Progress follows dyskinesia

After the dyskinesia started, so did the progress. She learned about her hands and face. She began to flail her arms around in an attempt to interact with toys for the first time. Most importantly, looks of inquiry and determination joined her movements.

We began intensive physical therapy, which happened every day for several weeks. Over time, dyskinesia began to fade away, and her voluntary movements took control.

It’s hard to say when dyskinesia went away because we were so focused on the results and never really cared about those early movements in the first place. Our daughter was alive and had an opportunity at a new life; that was more important.

Dyskinesia’s role in predicting progress

Once the jerky movements subsided and were replaced with steady, controlled movements, we no longer thought about dyskinesia until a comment appeared in an AADC deficiency parent group chat on WhatsApp.

A parent wondered if the duration of dyskinesia had any relation to the results of gene therapy. More specifically, were the results better the longer the dyskinesia? This question was interesting to us.

Our daughter’s dyskinesia symptoms didn’t last long, and her movement results since have been great. However, I didn’t want to dismiss the parent’s claim right away, and parents are an excellent source for interesting questions that only those close to the disease would ask.

What do the data say about dyskinesia in AADC patients?

A 2021 study published in Molecular Therapy and primarily out of Taiwan shared the findings of 26 children who underwent gene therapy. Most of them had mild to moderate dyskinesia, which is consistent with Rylae-Ann’s experience. The majority of the patients’ dyskinesia symptoms resolved in a few months.

Dyskinesia was the most reported symptom, and nearly all patients had it after gene therapy, the study found. The onset of dyskinesia was different for our daughter, however, and seemed to come soon after surgery before residing a few weeks later. For other children in the study, the dyskinesia began a few months after surgery.

One section in particular seems to dispel this myth. The study’s finding suggests that patients who received gene therapy later in life would have dyskinesia more severe than younger patients. Dyskinesia wasn’t related to dosage, but was most likely a result of hypersensitivity from the newly increased dopamine levels in the body.

A man is seated on the floor in the upper right, with bare feet, a brown and white shirt, and navy pants. Beside him is an infant in a pink shirt and what could be navy or dark green pants. They are on a light tan cartoon map of roadways, while yellow and green colors of blocks and other shapes. Other toys, in white and red and some other colors, are on the floor. A black box nearby seems to have more toys. Blue and pink shapes appear in the rear.

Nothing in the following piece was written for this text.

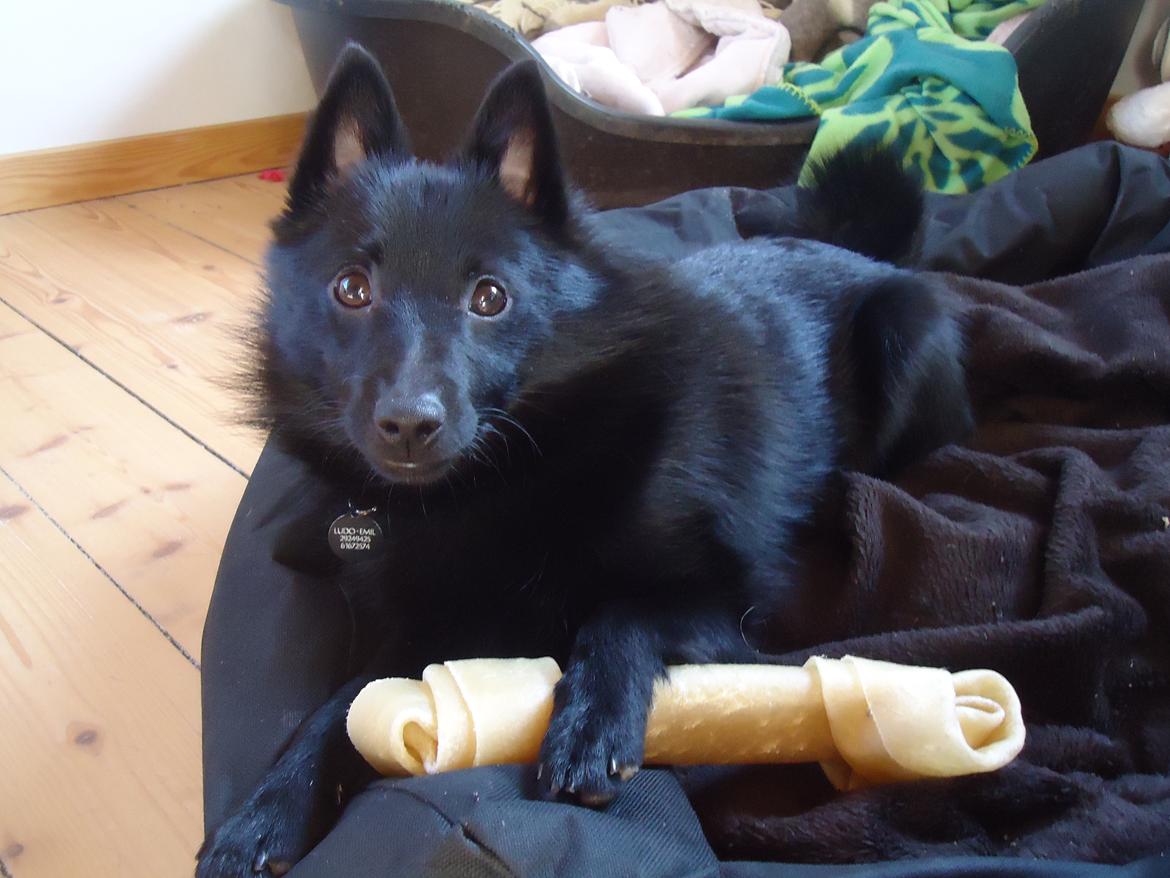 Schipperke Pri-wat Emil (Ludo) - har stjået et ben fra min "mor" Mischa, så nu jeg rigtig stolt af mig selv.  billede 3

Rylae-Ann’s parents surround her with toys to encourage her to make her first voluntary movements. (Photo by Richard E. Poulin III)

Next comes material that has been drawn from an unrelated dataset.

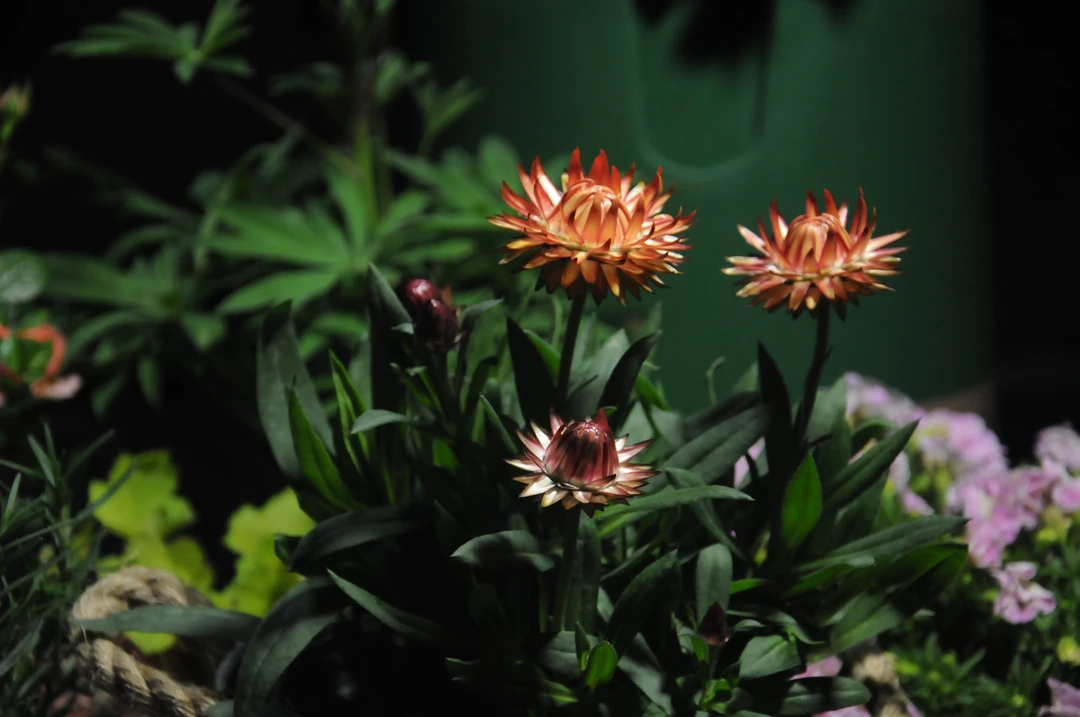 麦秆菊 蜡菊 脆菊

Correlation does not imply causation

It’d be worth investigating whether the speed at which dyskinesia manifests could predict gene therapy’s success. However, the adage that correlation doesn’t imply causation holds true. Just because two things may seem to be connected doesn’t necessarily mean that they’re related or that one causes another.

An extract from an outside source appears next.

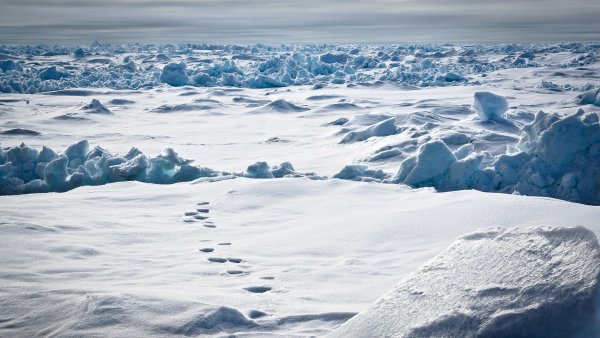 Полярные снега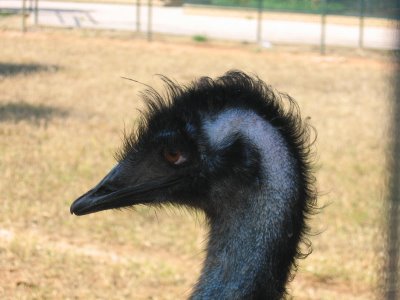 4.JPG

Parents’ combined questions and thinking could suggest valuable topics for any researchers. Asking questions and posing hypotheses can help future progress in fighting our rare disease. Yet we shouldn’t jump to conclusions. Many variables exist when thinking about results, and most importantly, each child is unique.

Note: AADC News is strictly a news and information website about the disease. It does not provide medical advice, diagnosis, or treatment. This content is not intended to be a substitute for professional medical advice, diagnosis, or treatment. Always seek the advice of your physician or other qualified health provider with any questions you may have regarding a medical condition. Never disregard professional medical advice or delay in seeking it because of something you have read on this website. The opinions expressed in this column are not those of AADC News or its parent company, BioNews, and are intended to spark discussion about issues pertaining to aromatic l-amino acid decarboxylase deficiency.